Among positives he and others cited, the U.S. economy has been seen on strong enough footing to warrant a Federal Reserve interest rate increase, with many expecting one before the end of the year.
The S&P 500 earnings outlook improved as well: Second-quarter expectations now are for a 1.3 percent increase, sharply above the 3 percent decline expected at the start of last month.
"Over the course of the next couple of weeks we are going to get a number of data points that reinforce the U.S. economy is frankly in pretty good shape," said Phil Orlando, chief equity market strategist at Federated Investors in New York.
Graham Tanaka, president of Tanaka Capital Management and the TANAKA Growth Fund, said he is ready to go bottom-fishing. He had raised his cash level to approximately 10 percent of assets in recent months to be ready to buy on a dip like Monday's.
He is looking to add media companies such as Walt Disney Co., whose shares fell as much as 26 percent after posting earnings earlier this month.
"We missed it on its run last year in all honesty," Tanaka said. Disney shares were just above $98 after dropping to $90, their lowest since November, earlier on Monday.
Apple shares, among the most widely held on Wall Street, slumped almost 13 percent at the open but in afternoon trading were vacillating either side of flat on the day. CEO Tim Cook wrote in an email to CNBC that China business experienced "strong growth" in July and August, seeking to assuage investor concerns over the company's prospects in a market considered critical for its growth.

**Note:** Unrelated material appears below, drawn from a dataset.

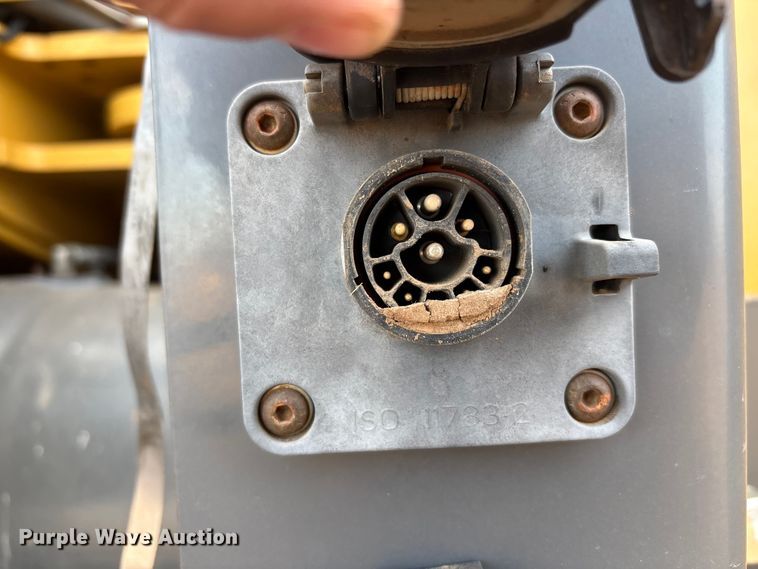 image for item EU4986 2013 Challenger MT965C 4WD tractor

As dramatic as the rebound has been, however, few would dare say the market has set a bottom. The Fed has been hinting for months at a rate hike, which would be the first in almost a decade and could spook investors into more stock selling.
China's slowdown could be confirmed by more softening data, which likely would trigger further declines on Wall Street.
"The fundamental reasons why one owns stocks are unbroken. The (U.S.) economy and earnings are holding up," said Albion's Ware.
"That said it's the uncertainty that drives everyone crazy; because no one really knows."